Collaboration and Academic Integrity
I will expect the utmost in academic integrity from each of you, and I will trust you to abide by the commensense norms of academic integrity (see the statement on academic integrity near the bottom of the website), in addition to the expectations I lay out below. If you have any doubts as to whether a certain practice is considered a violation of academic integrity, it is your responsibility to preemptively ask me or the course staff before engaging in the practice. While we will not go out of our way to identify violations of academic integrity, those who are found to be in violation will be referred to the office of judicial affairs without exception.

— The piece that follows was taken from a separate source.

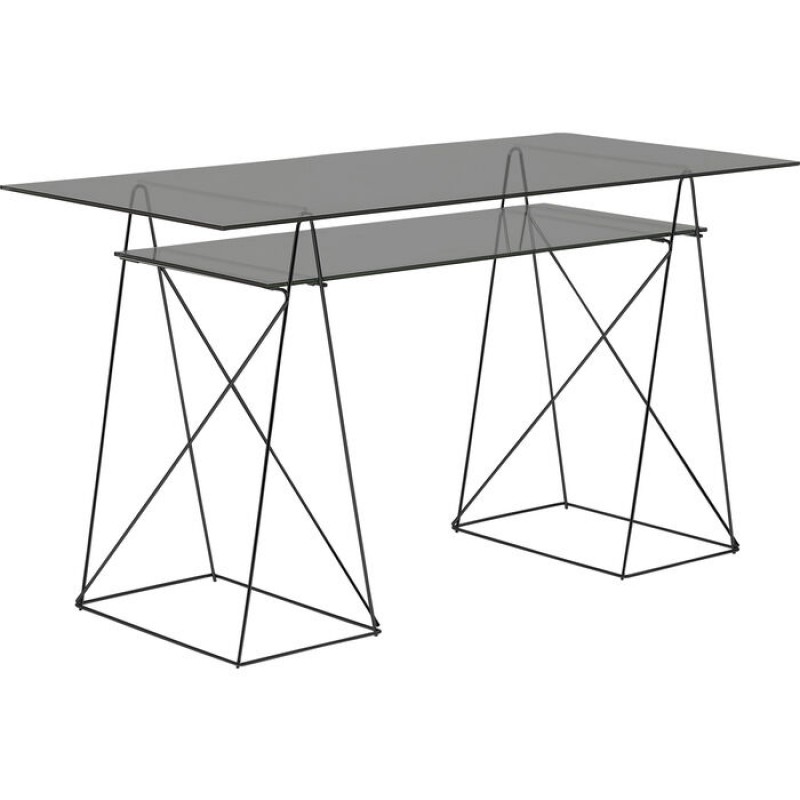 Table Polar Black 8mm tempered glass 135x65cm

Collaboration: Naturally, the midterm and final will be individual work. However, consistent with the tradition in theoretical CS (and other mathematical disciplines), I will allow collaboration and discussion among students for the homework, with a couple of caveats. First, if you meet in a group to work on the homework, your group must include no more than 5 individuals, and you must acknowledge everyone in your group on your submitted homework. Second, you are not allowed to take any written material with you out of the meeting. Third, you must wait at least 30 minutes after any discussion with fellow students, and then write up your solutions independently.
Consulting outside sources: I expect that you will not seek out outside sources pertaining to particular homework problems. In other words, consulting solution manuals, or googling for solutions to similar problems, are both absolutely considered cheating. That being said, you are allowed (and encouraged) to consult general sources (e.g. wikipedia, books, or course notes) pertaining to course content in order to broaden your perspective, so long as you do not specifically seek out material related to a particular homework problem.
Statement for Students with Disabilities
Any student requesting academic accommodations based on a disability is required to register with Disability
Services and Programs (DSP) each semester. A letter of verification for approved accommodations can be
obtained from DSP. Please be sure the letter is delivered to the instructor as early in the semester as possible.
DSP is located in STU 301 and is open 8:30 a.m. to 5:00 p.m., Monday through Friday. The phone number
for DSP is (213) 740-0776.
Statement on Academic Integrity
USC seeks to maintain an optimal learning environment. General principles of academic honesty include
the concept of respect for the intellectual property of others, the expectation that individual work will be
submitted unless otherwise allowed by an instructor, and the obligations both to protect one's own academic
work from misuse by others as well as to avoid using another's work as one's own.
All students are expected to understand and abide by these principles. Scampus, the Student Guidebook,
contains the Student Conduct Code in Section 11.00, while the recommended sanctions are located in Appendix A: http://www.usc.edu/dept/publications/SCAMPUS/gov/. Students will be referred to the Office
of Student Judicial Affairs and Community Standards for further review, should there be any suspicion of aca-
demic dishonesty. The Review process can be found at: http://www.usc.edu/student-affairs/SJACS/.
Emergency Preparedness / Course Continuity in a Crisis
In case of a declared emergency if travel to campus is not feasible, USC executive leadership will announce
an electronic way for instructors to teach students in their residence halls or homes using a combination of
Blackboard, teleconferencing, and other technologies.